A Federação das Indústrias do Estado de Minas Gerais (FIEMG) avalia que a nova prorrogação do subsídio à gasolina anunciada pelo Governo Federal contribui para reduzir, no curto prazo, os impactos da elevação dos preços internacionais do petróleo sobre consumidores e empresas. No entanto, a entidade ressalta que a medida tem caráter emergencial e temporário, não solucionando os desafios estruturais relacionados à volatilidade do mercado de combustíveis e à exposição da economia brasileira às oscilações externas.
A decisão mantém a continuidade da ação adotada para conter os efeitos da instabilidade internacional, em um cenário marcado por tensões geopolíticas no Oriente Médio e novas pressões sobre as cotações do petróleo. Para a FIEMG, iniciativas de curto prazo são importantes para reduzir impactos imediatos, mas devem ser acompanhadas de medidas que promovam maior previsibilidade, segurança energética e competitividade para o setor produtivo.
Para Juliana Gagliardi, coordenadora da Gerência de Economia da FIEMG, a manutenção temporária do subsídio ajuda a amenizar impactos imediatos, mas não elimina os desafios relacionados à dinâmica internacional do petróleo. “A prorrogação do subsídio contribui para reduzir, neste momento, os efeitos da alta das cotações internacionais sobre os custos de empresas e consumidores. No entanto, é importante avançar em medidas estruturantes que promovam maior estabilidade no mercado de combustíveis e ampliem a previsibilidade para a economia brasileira”, afirma.
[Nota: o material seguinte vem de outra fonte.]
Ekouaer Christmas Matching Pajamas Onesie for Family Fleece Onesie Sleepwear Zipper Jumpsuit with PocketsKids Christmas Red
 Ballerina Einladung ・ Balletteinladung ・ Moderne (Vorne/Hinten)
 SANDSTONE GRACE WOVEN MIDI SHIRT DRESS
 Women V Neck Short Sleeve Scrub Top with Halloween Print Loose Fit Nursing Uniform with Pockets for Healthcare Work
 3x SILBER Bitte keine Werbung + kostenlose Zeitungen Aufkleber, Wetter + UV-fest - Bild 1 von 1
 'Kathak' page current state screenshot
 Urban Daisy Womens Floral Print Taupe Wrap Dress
A Federação ressalta que os combustíveis possuem impacto direto sobre a atividade industrial, influenciando custos logísticos, transporte de mercadorias e diferentes cadeias produtivas que utilizam derivados de petróleo como insumos. Nesse contexto, a estabilidade do mercado energético é fundamental para preservar a competitividade das empresas e o planejamento dos investimentos. Nesse sentido, estruturar reservas estratégicas e estabelecer uma política industrial que promova o aumento da capacidade de refino de petróleo nacionalmente pode contribuir para reduzir a vulnerabilidade econômica do Brasil a nova ordem global, mais fragmentada e sujeita a choques e tensões geopolíticas.
A FIEMG reforça ainda que o cenário internacional permanece como um ponto de atenção, especialmente diante das tensões geopolíticas e dos possíveis reflexos sobre inflação, custos operacionais e poder de compra da população. A entidade defende que medidas emergenciais sejam acompanhadas de ações de longo prazo capazes de fortalecer a segurança energética e a competitividade do país.